The organizers of the Woodstock festival were four young men named John Roberts, Joel Rosenman, Artie Kornfeld, and Mike Lang. Roberts and Rosenman were looking for a way to make a lot of money so they could invest it in something. Then they met Kornfield and Lang who had an idea to beat a studio and retreat for rock legends to retire up in Woodstock, New York (Rosenberg). The idea turned into a two day rock festival in hopes that it would raise enough money to build the studio. The young men found a location in Wallkill, New York. The first of many things to go wrong was the location. The citizens of Wallkill didn’t want drugged out hippies walking all over their town. On July 2, 1969 the town of Wallkill passed a law that effectively banned the festival from there vicinity. Everyone that was involved with the festival was in a panic. Stores refused to sell any more tickets and some people were even demanding a refund. Luckily, with only a month and half left before the show, Max Yasgur offered up his 600-acre dairy farm in Bethel, New York to be the location for the Woodstock Festival (Rosenberg).

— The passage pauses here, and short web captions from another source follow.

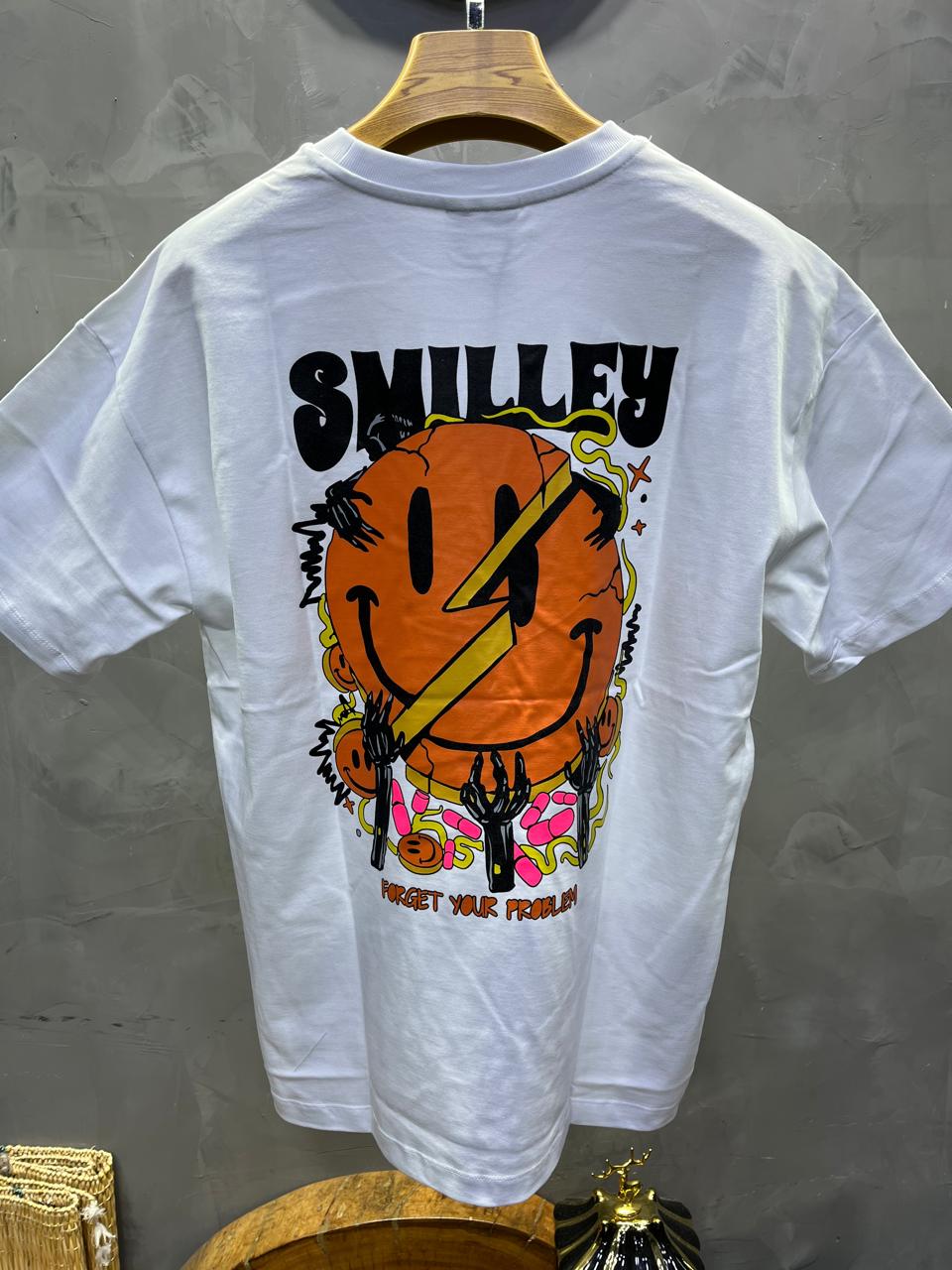 T-SHIRT OVERSIZE WHITE BUN107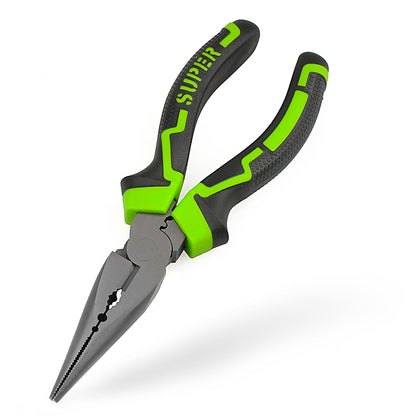 ELECTROPRIME Industrial Grade Multi-function Wire Tip Oblique Pliers, Type:Long Nose Pliers 6 Inch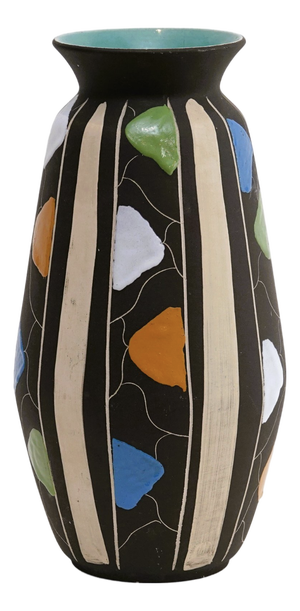 Valencia Vase by Bodo Mans for Bay Keramik, West Germany, 1960s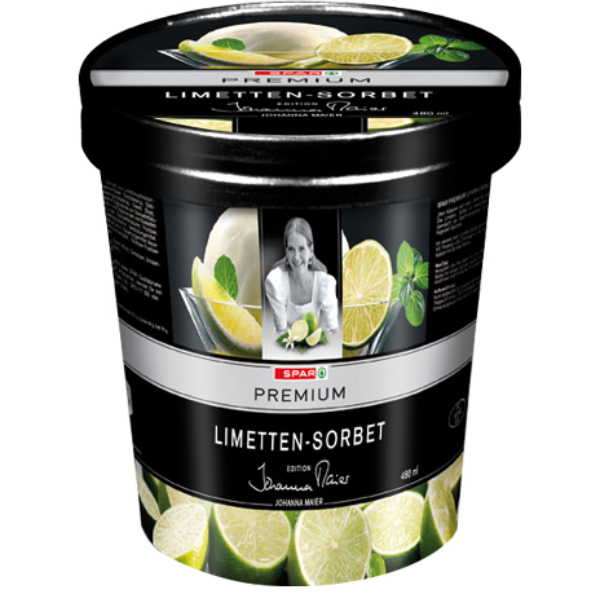 Spar Premium Limetten Sorbet von Johanna Maier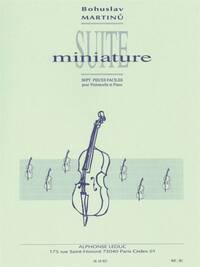 BOHUSLAV MARTINU: MINIATURE STUDY (CELLO AND PIANO)
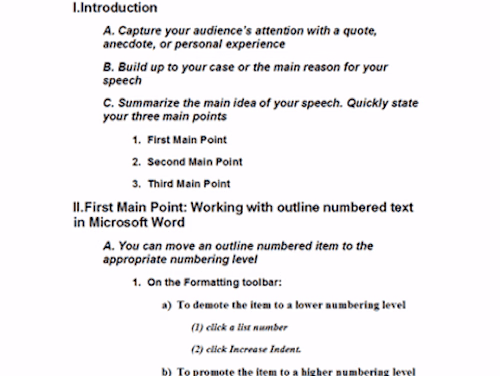 writing project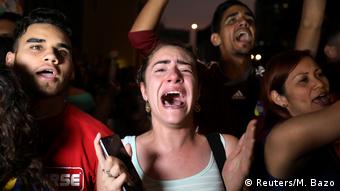 Bildergalerie Venezuela Proteste Diaspora (Reuters/M. Bazo)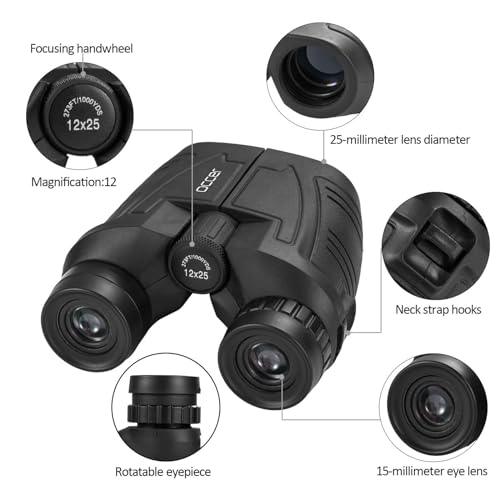 12x25 Compact Waterproof Binoculars M294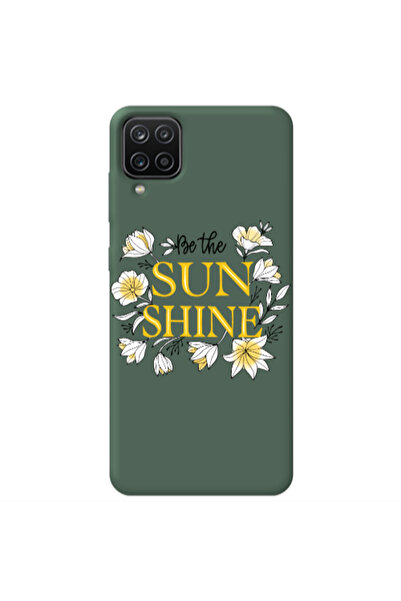 Other Samsung A12 Sun Shine Dark Green Colored Silicone TPU Θήκη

They were very lucky to find a new location, but having to change venues really set some things back for the show. They still had to build a stage, parking lot, play areas for children, and food and drink stands. As the date got closer more problems came about. They estimated about 50,000 people would attend the festival but the new estimate jumped to 200,000 people. They now had to worry about making sure that they would have enough food and water from all the additional people that were going to show up (Rosenberg). Also troublesome was the last minute ban on off-duty police officers from working at the Woodstock Festival. A New Mexico commune known as the Hog Farm were hired as a “Peace Force.” The hog farmers were led by Wavy Gravy. As well as forming the peace force, the Hog Farm was also in charge of catering. They ordered in bushels of brown rice, buying 160,000 paper plates, forks, knives, and spoons and 30,000 paper cups. They fed between 160,000 and 190,000 people at the Hog Farm free kitchen, 5000 at a time (Forty). The Food For Love concession was running low on burgers so it raised prices from 25 cents to $1. Festival-goers saw it as capitalist exploitation, against the spirit of the festival, so burnt the stand down.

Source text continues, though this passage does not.